Here in the UK where I live, as of November 2015, we don’t require a permit to shoot non commercial photos in public areas.
Currently, the Police in the UK do not have powers to stop you from taking photos in public areas.
As there are currently no general privacy laws in the UK, people are free to take images of other people, however, as photographers, a gentle acknowledgment such as a smile, goes some way to receiving little to no objection. Most people even smile back or hit a pose!
However, if someone does ask for their image to be deleted, then the photographer should take into account the European Convention on Human Rights and perhaps delete the image in order to respect the rights for the other persons privacy. Saying that, the photographer is not under legal obligation to delete an image if the place where the image was taken, the subject did not have a reasonable expectation of privacy. This also applies to children where a parent may ask for the image to be deleted, as it is not currently an illegal offence to take a decent image of a child in a public place and remains the discretion of both parties whether the image should be deleted or not.
This general policy covers people, street performers, random kids and painters and artists selling their work. As long as they are on public land with no real expectations of privacy, then you can take the image and only delete if you wish to respect the European Convention on Human Rights.
Regarding private property; you may be on a public street, however, if you happen to be standing in front of a building where the front pavement also happens to be owned by that building, then you are not allowed to take an image without prior authority as it is private land. If you refuse to leave, then that can be seen as trespassing and security can use reasonable force to remove you.
This includes most of the fields and farmland of the UK as they are pretty much all privately owned. However, you can shoot an image where the scene is made up of the farmers land, as long as you are on a public road! Similarly, the same rule applies to taking images of interiors from a public road. You can do that and only delete if you are confronted and wish to do so. Once again, if the people inside the building do not have a reasonable expectation of privacy, they cannot force you to delete the image.

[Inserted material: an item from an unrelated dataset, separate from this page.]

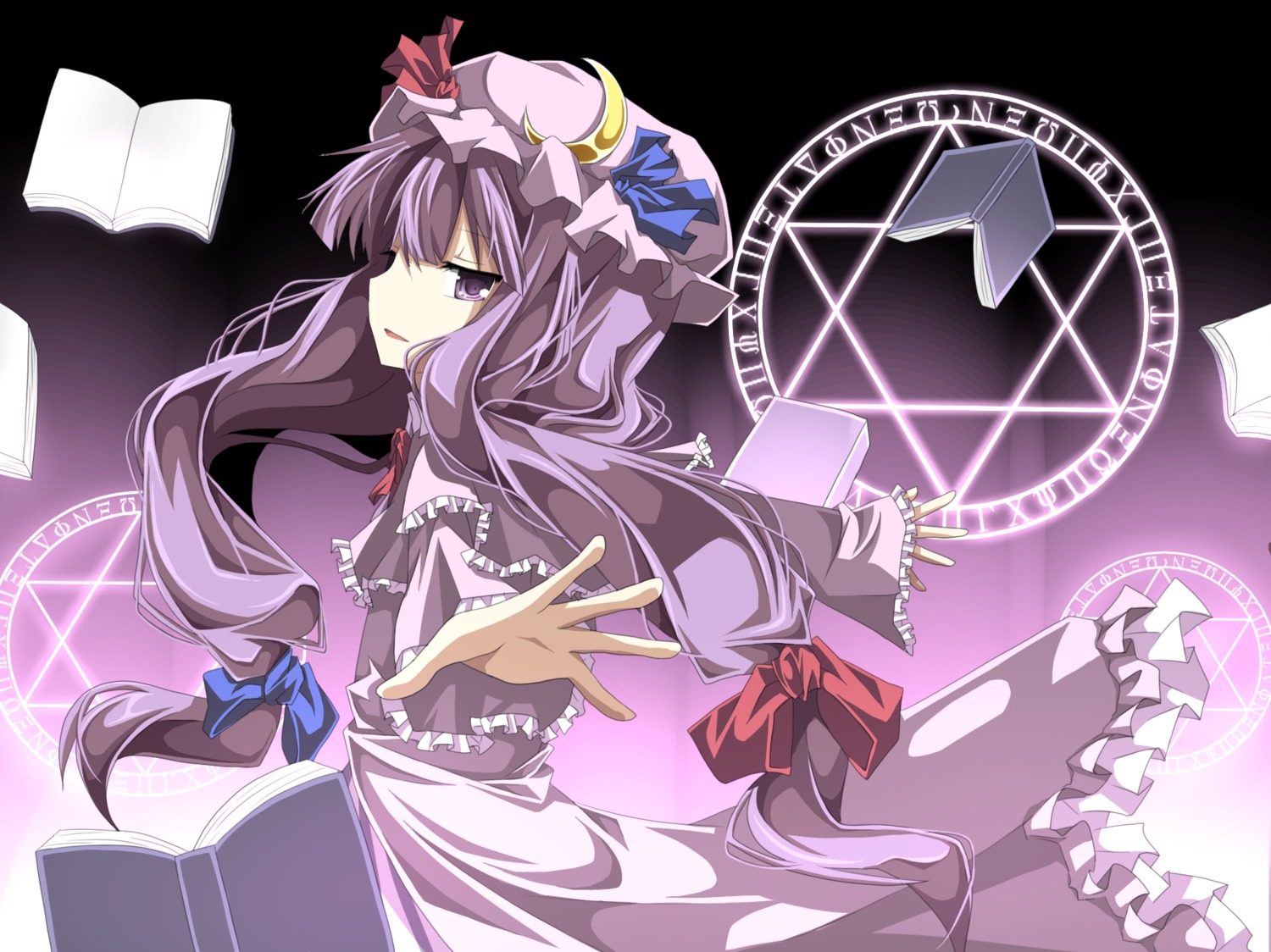 chiruku, patchouli_knowledge, touhou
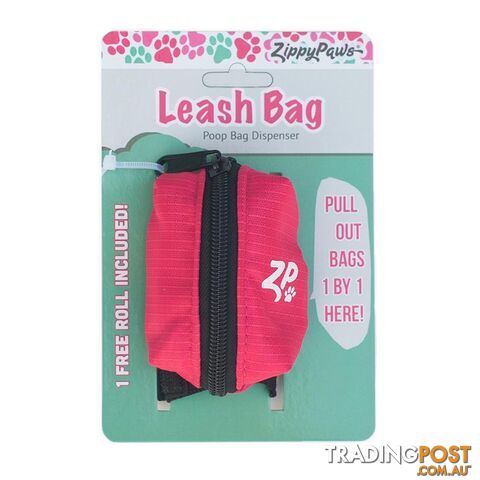 Zippy Paws Adventure Leash Bag - Hibiscus Pink - ZP508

In the UK, certain government buildings and all airports have bylaws which can restrict any person from being a certain distance from a perimeter fence and these bylaws are quite often sign posted. However, besides Parliament Square and Trafalgar Square, both of which have slightly tighter rules, you can take images of airports or government buildings from public areas.
It is also okay to take photos on public transport such as Trains and Underground Tube Network but there are restrictions such as no Flash and Tripod.
Finally, in the UK we do have stop and search Policies.
Up till March 2011 the police could stop you under section 44 of the Terrorism Act 2000 which required no suspicion of an offence, and you would have to surrender your camera for inspection. Since then, this has been changed to Section 47a where the stopping officer, "reasonably suspects that an act of terrorism will take place”, and reasonably considers that the authorisation “is necessary to prevent such an act”.
Under section 43, terrorism Act 2000, where if there is reasonable doubt to suspect you, the camera can taken off you and viewed. If there is cause and reason to suspect you further, the camera can be seized. If you have taken images of a policeman or a member of armed forces, you can be arrested.
Finally, morality, well I guess that is subjective to the photographer.